- TASK STATEMENT -
Repeat the records below word for word and omit each image.

- RECORDS SHOWN -
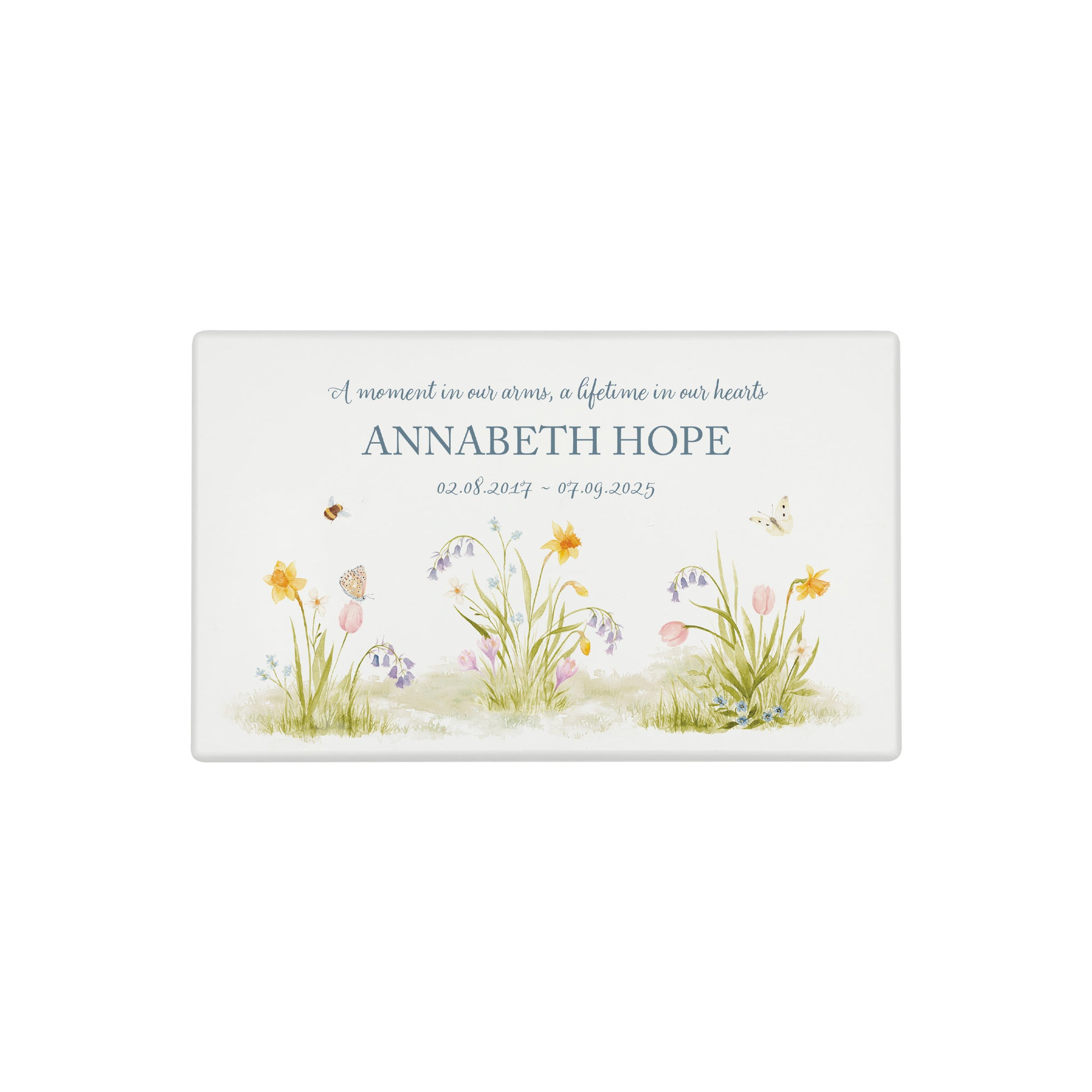A beautifully crafted solid wooden urn, finished in white with a soft watercolour design of a Spring Garden with Bees and Butterflies, Thoughtfully made for either display or burial, this personalised urn can be customised to create a meaningful memorial. Perfect for holding ashes of a loved one or a beloved pet, it serves as a comforting tribute and keepsake.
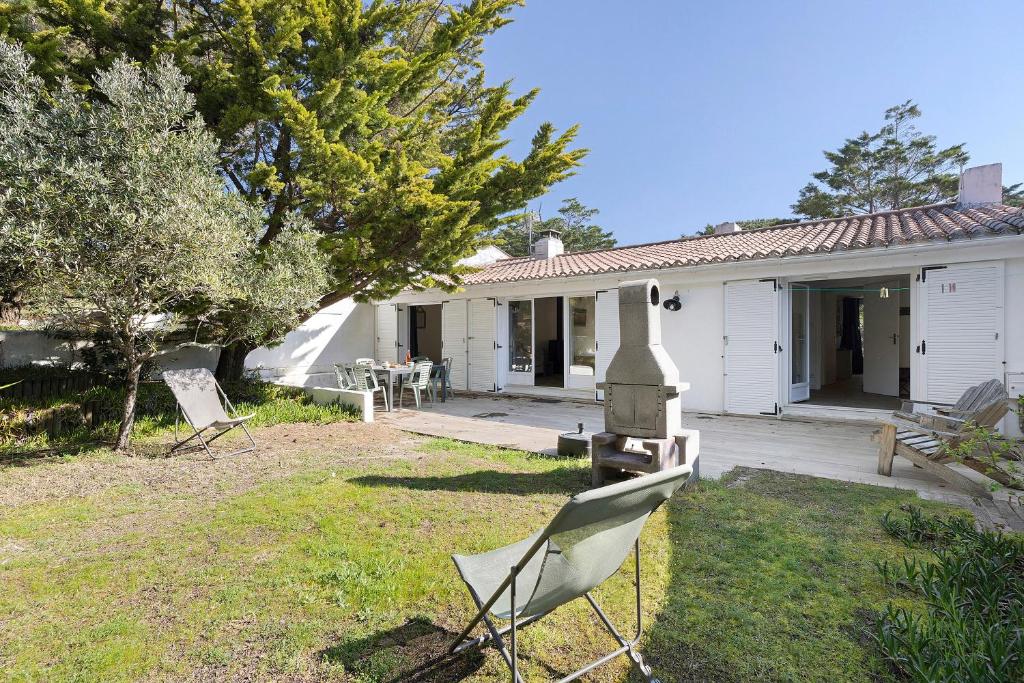 a house with two lawn chairs in the yard at Ile de Noirmoutier - Maison T4 in La Guérinière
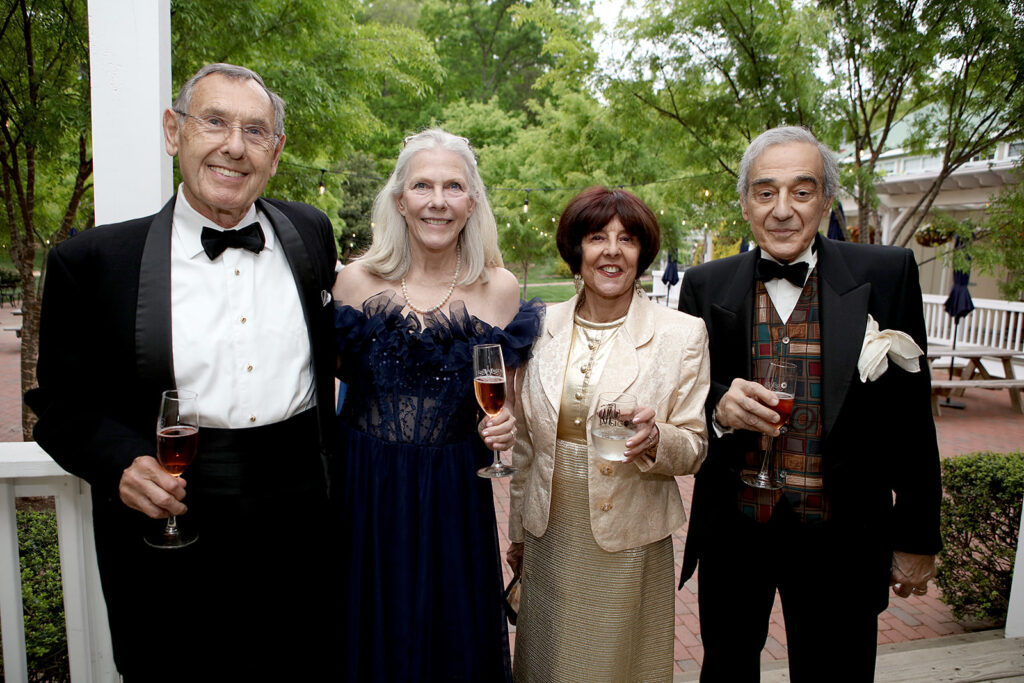 Photo of two men and two women standing outside the Veritas Tasting Room, dressed in evening attire, each holding a glass of wine or water. 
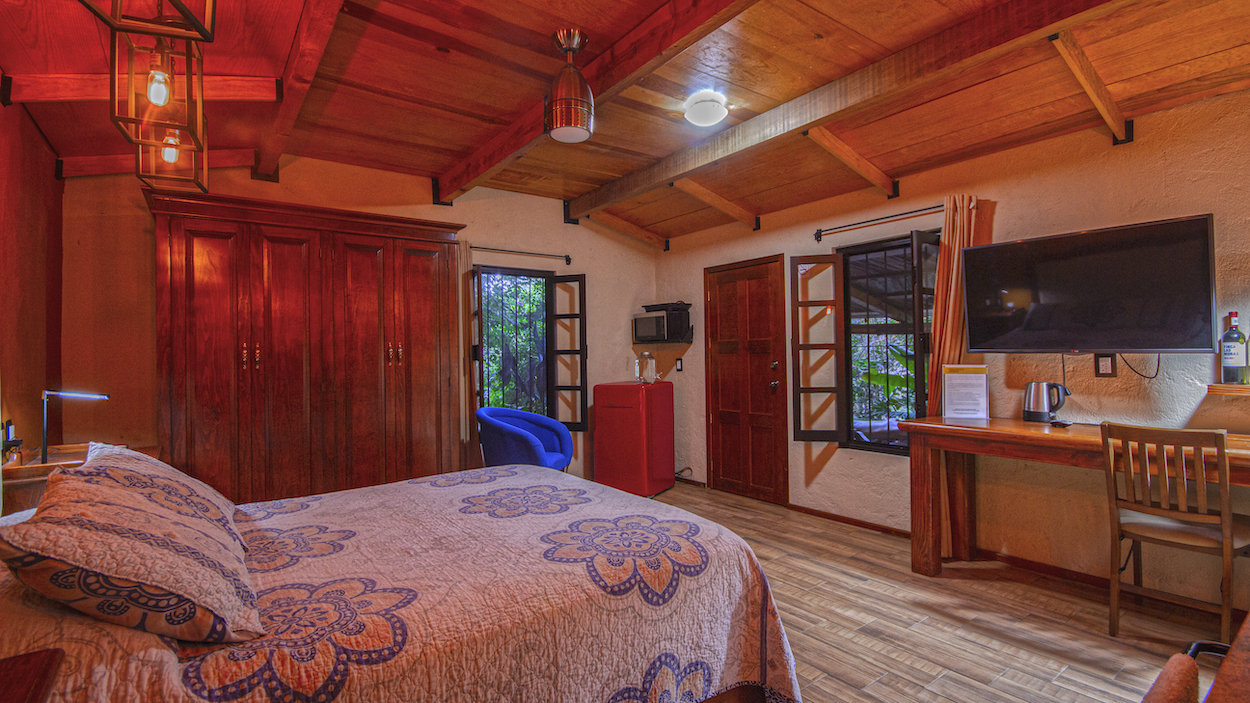 Interior de la Cabaña Mariposas con cama Queen, clóset, escritorio, televisor, refrigerador rojo y ventanas con vista al jardín
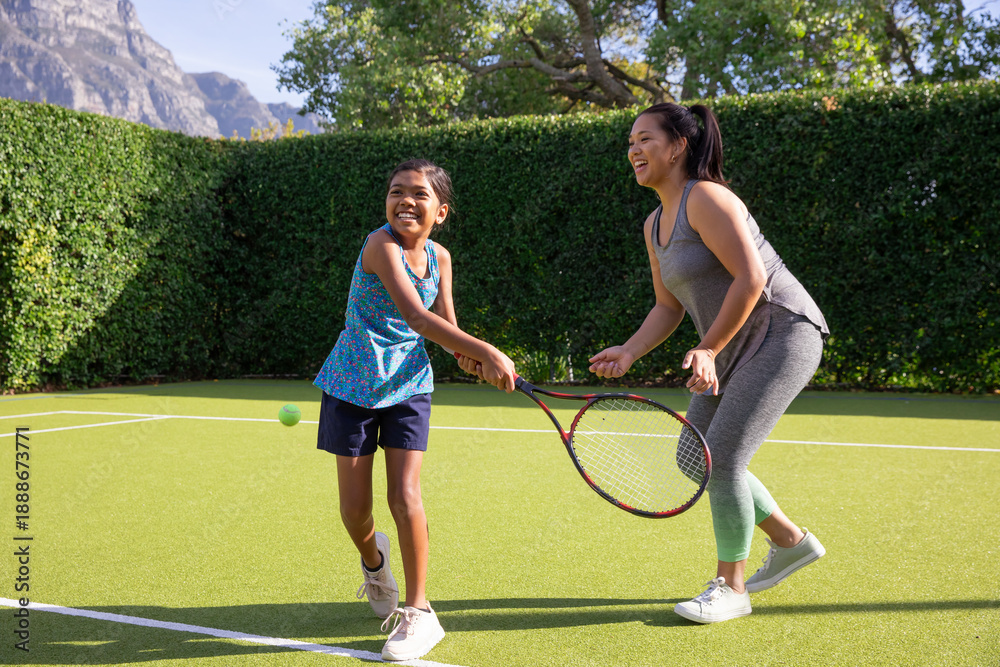 Obraz premium Asian mother and daughter swinging tennis rackets while playing on private, garden court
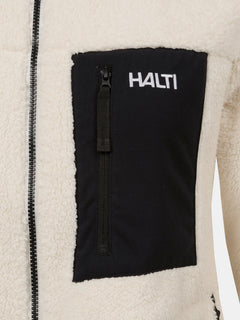 Nahaufnahme einer Halti Lumista Polar Fleece Jacke Damen mit schwarzer Brusttasche, Reißverschluss und weißem Halti-Logo.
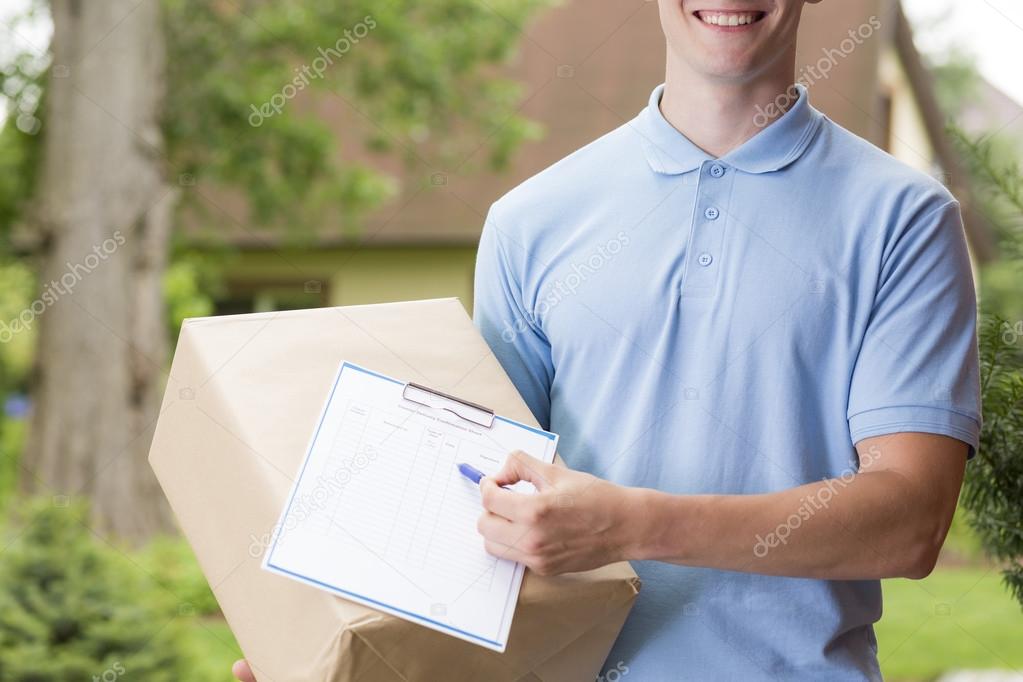 Happy courier holding a package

- WRITTEN REPLY -
A beautifully crafted solid wooden urn, finished in white with a soft watercolour design of a Spring Garden with Bees and Butterflies, Thoughtfully made for either display or burial, this personalised urn can be customised to create a meaningful memorial. Perfect for holding ashes of a loved one or a beloved pet, it serves as a comforting tribute and keepsake.
 a house with two lawn chairs in the yard at Ile de Noirmoutier - Maison T4 in La Guérinière
 Photo of two men and two women standing outside the Veritas Tasting Room, dressed in evening attire, each holding a glass of wine or water. 
 Interior de la Cabaña Mariposas con cama Queen, clóset, escritorio, televisor, refrigerador rojo y ventanas con vista al jardín
 Obraz premium Asian mother and daughter swinging tennis rackets while playing on private, garden court
 Nahaufnahme einer Halti Lumista Polar Fleece Jacke Damen mit schwarzer Brusttasche, Reißverschluss und weißem Halti-Logo.
 Happy courier holding a package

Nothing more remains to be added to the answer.